Getting a new point guard and keeping Kris Dunn around doesn’t have be mutually exclusive concepts.
Strotman ran the numbers on Dunn last season, and found that Dunn struggled especially alongside of Zach LaVine, he of the team-leading 30.5 percent usage percentage.
Here’s Strotman’s explanation for the numbers.
You’d think that in games that LaVine sat that Dunn would have taken on a larger role, but that wasn’t really the case. Consider Dunn averaged less than 2 additional touches per game while playing just an extra minute. That’s essentially a wash, and despite LaVine – the team’s leading scorer – being sidelined, Dunn actually averaged more assists (1.2 per game) on four fewer passes per game.
Fewer passes on the same amount of touches, of course, meant more shot attempts. Dunn averaged four more shots per game with LaVine out and shot considerably better – seven whole percentage points. This came, in large part, because he was more aggressive, averaging 14.6 drives per game (to put that in perspective, Luka Doncic averaged 14.7 drives per game this past season).
Those drives meant better looks and passes and, most importantly, more free throws. Dunn averaged 2.3 free throw attempts in the 10 games LaVine missed.
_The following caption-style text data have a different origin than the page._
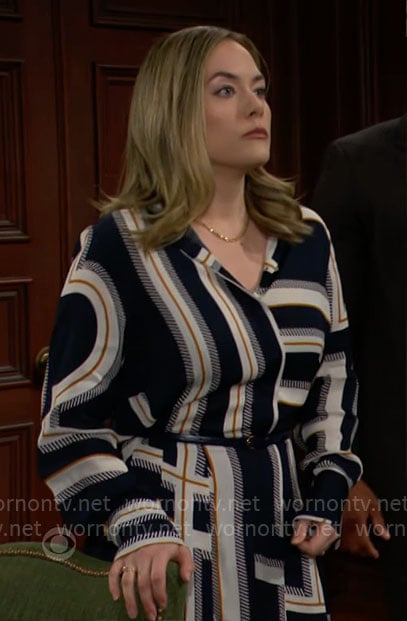 Hope’s striped dress on The Bold and the Beautiful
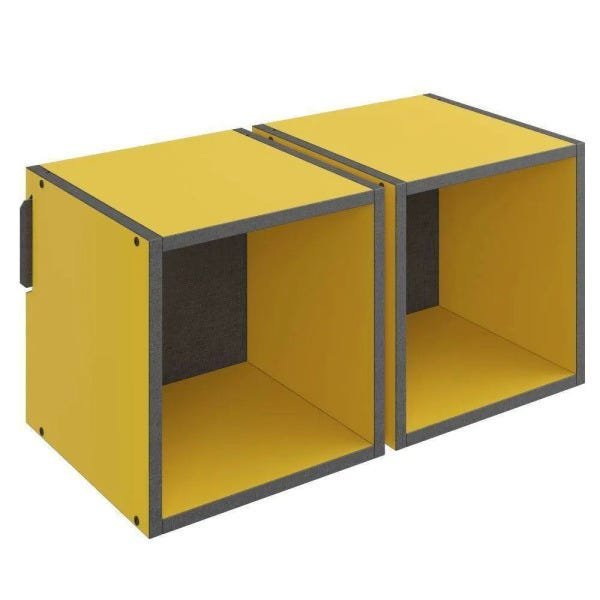 Nicho Quadrado Duplo Decorativo Mov Amarelo - Be Mobiliário - 1
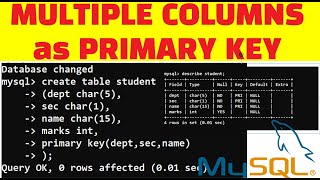 How to declare MULTIPLE COLUMNS as PRIMARY KEY in SQL | In detail Explanation | Learn To Code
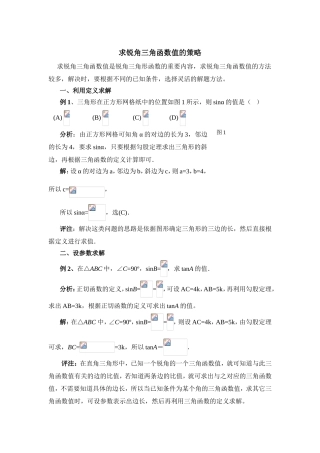 求锐角三角函数值的策略解析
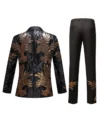 Mens 2 Piece Sequin Golden Leaves Embroidery Tuxedo Back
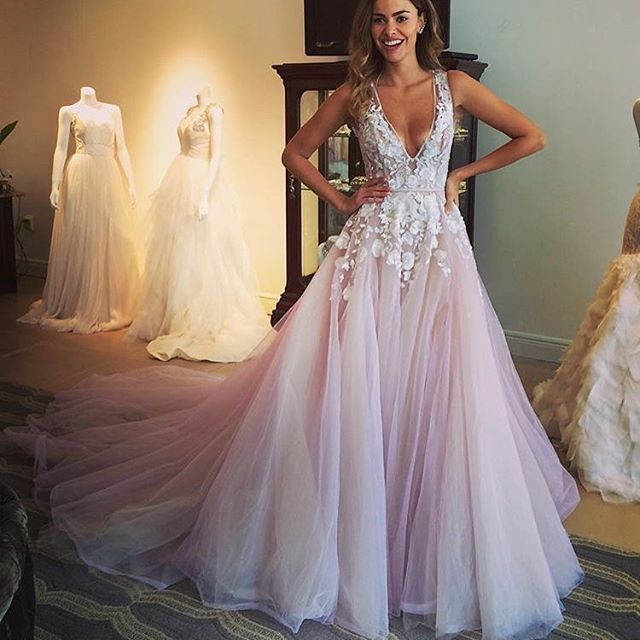 blush wedding dress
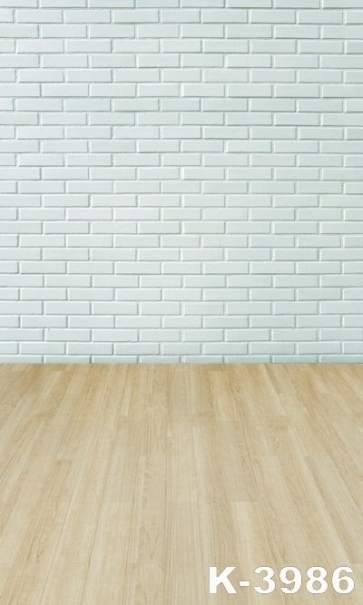 Wooden Floor White Brick Plain Wall Backdrops Custom Background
That’s not a promising number in most cases, but consider that in the 36 games the two played together, Dunn averaged just 1.2 attempts. Put another way, 33% (23) of Dunn’s total free throw attempts (69) came in just 21% of his games, and they happened to be the ones LaVine sat out (much more on Dunn and FTs later).
Presumably, avoiding playing LaVine and Dunn together means Dunn goes into a second unit role with guys like Denzel Valentine, Chandler Hutchison, and (maybe) Robin Lopez. Alongside guys like this, you want Dunn controlling the offense with the ball in his hands and being aggressive which plays into his strengths offensively.
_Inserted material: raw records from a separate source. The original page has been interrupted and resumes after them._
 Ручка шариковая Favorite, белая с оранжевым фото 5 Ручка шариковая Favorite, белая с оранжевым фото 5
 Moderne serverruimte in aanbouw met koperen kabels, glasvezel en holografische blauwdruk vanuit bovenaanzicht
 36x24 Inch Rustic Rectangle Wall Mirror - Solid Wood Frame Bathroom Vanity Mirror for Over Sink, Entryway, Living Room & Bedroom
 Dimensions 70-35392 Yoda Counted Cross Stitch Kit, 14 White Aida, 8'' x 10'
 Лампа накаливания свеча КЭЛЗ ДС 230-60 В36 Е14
Of course, there’s the argument about whether Dunn is even a better option in that role than Ryan Arcidiacono. What Dunn has going for him is the Bulls have more invested in him, and that’s probably part of the reason they won’t give up on him despite his struggles. Dunn also has more natural talent and a higher ceiling.
But Dunn is turning 26 years old next season so his time to prove he has value as an NBA point guard is winding down. A demotion to the second unit could be a second chance at NBA life for the former fifth overall pick. What also remains to be seen is if Dunn is willing to accept that demotion.